Predicting reverse flow characteristics in equal-height-difference passive heat removal system for ocean nuclear power

Abstract

The equal-height-difference passive heat removal system (EHDPHRS) via natural circulation driving and utilizes ocean as infinite heat sink for heat dissipation, showing broad application prospect in ocean nuclear power field; but the heat removal pipe normally encounters the reverse flow of cool seawater into the pipe, leading to operation instability and even condensation-induced water hammer. In this study, the integration of volume of fluid model and condensation model based on surface renewal theory is used to simulate the reverse flow characteristics in the heat removal pipe under single-and two-phase natural circulation conditions. The interfacial heat and mass transfer are calculated by user-defined functions (UDF).

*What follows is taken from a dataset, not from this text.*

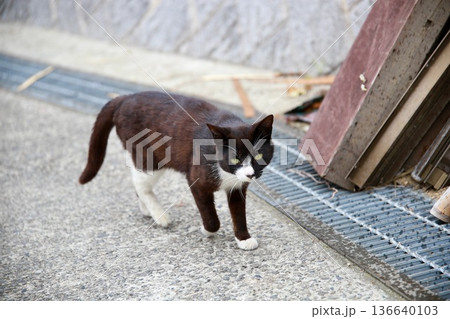 猫 猫 136640103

The numerical results reveal that the buoyancy force (Fb) and condensation driving force (FΔP) both accelerate the reverse flow, while the inertial force (Fi) restrains the reverse flow; the reverse flow length presents monotonous decrease with increasing the flow velocity under single-phase conditions and parabolic-like trend for two-phase flow. A prediction correlation for the reverse flow length is developed using dimensionless Reynolds number, Grashof number and vapor volume fraction, covering single- and two-phase conditions. The predicted reverse flow length by the correlation agrees with 94% of the results within deviations of ±15%.